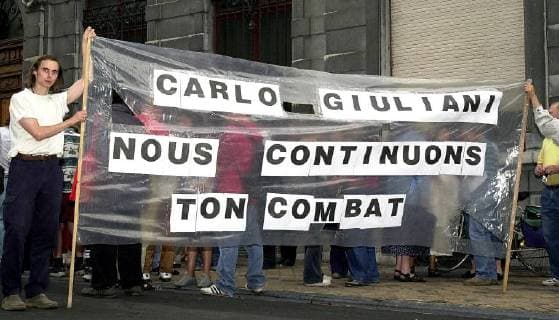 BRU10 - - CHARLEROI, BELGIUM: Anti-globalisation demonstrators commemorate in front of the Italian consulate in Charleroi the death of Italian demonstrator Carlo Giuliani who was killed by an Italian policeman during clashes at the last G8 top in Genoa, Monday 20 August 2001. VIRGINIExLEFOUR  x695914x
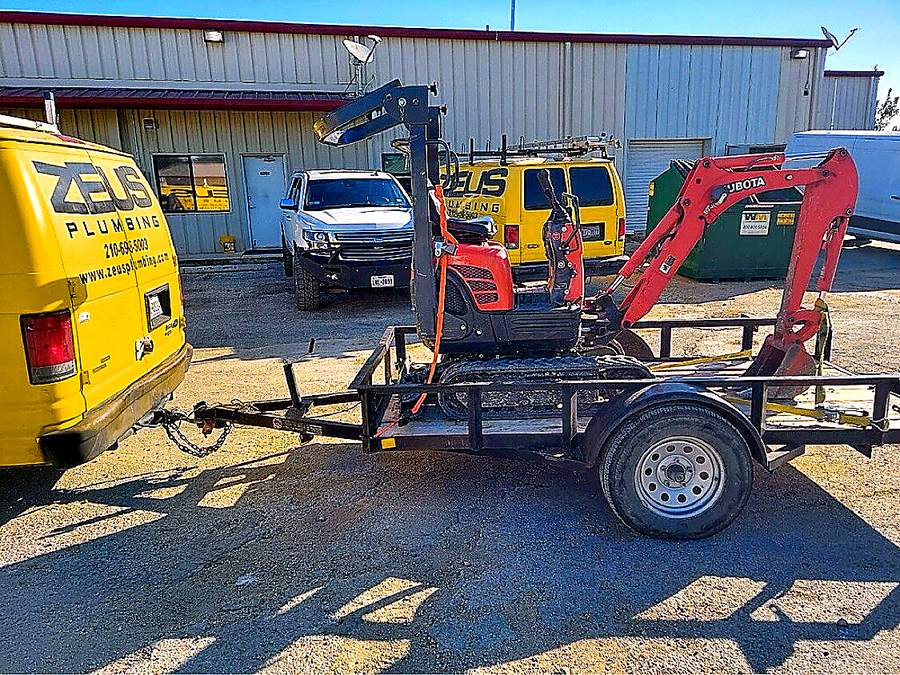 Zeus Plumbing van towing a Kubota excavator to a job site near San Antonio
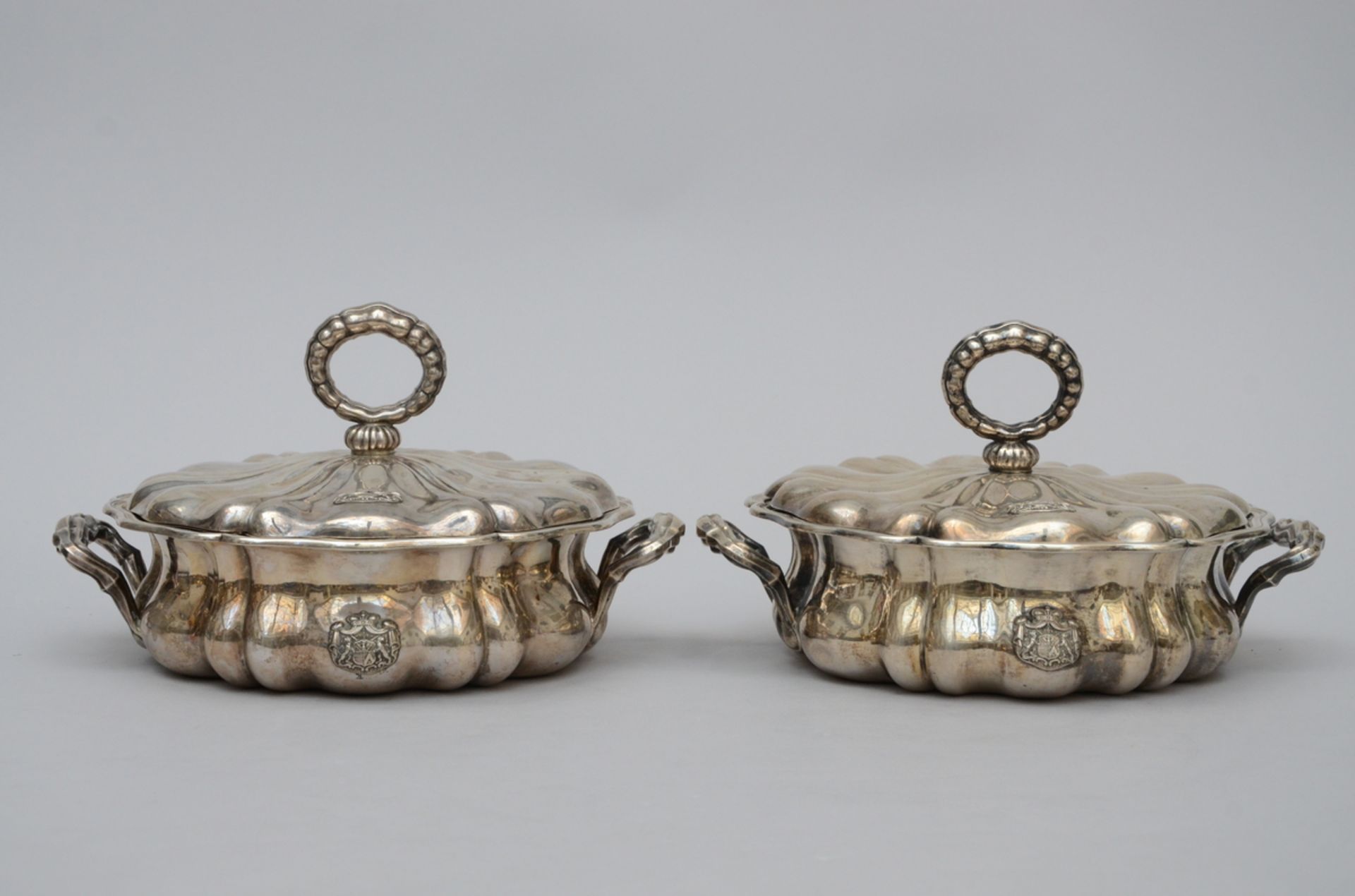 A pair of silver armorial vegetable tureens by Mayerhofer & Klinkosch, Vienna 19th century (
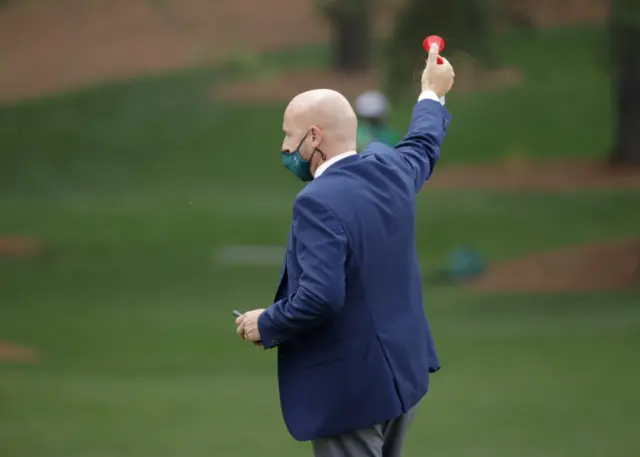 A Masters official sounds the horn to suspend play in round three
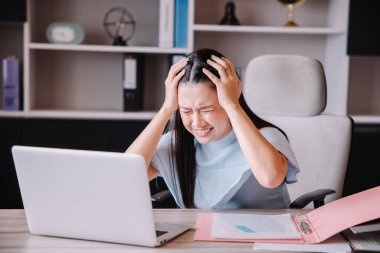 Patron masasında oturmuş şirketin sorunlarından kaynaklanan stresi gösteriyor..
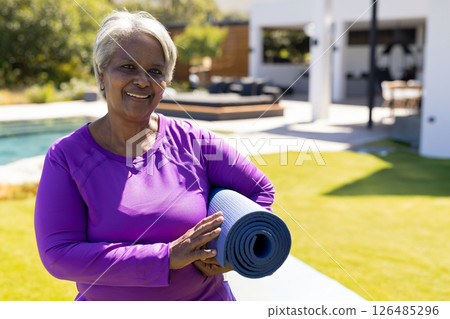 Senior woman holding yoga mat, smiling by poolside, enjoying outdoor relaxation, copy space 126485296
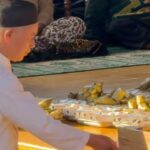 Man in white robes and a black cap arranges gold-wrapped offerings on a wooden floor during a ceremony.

....

__What the task asks__
Leave out every picture, and write out exactly the lines from the one with "Patron masasında oturmuş" through the end of the records above, both ends included.

__Solution to this task__
 Patron masasında oturmuş şirketin sorunlarından kaynaklanan stresi gösteriyor..
 Senior woman holding yoga mat, smiling by poolside, enjoying outdoor relaxation, copy space 126485296
 Man in white robes and a black cap arranges gold-wrapped offerings on a wooden floor during a ceremony.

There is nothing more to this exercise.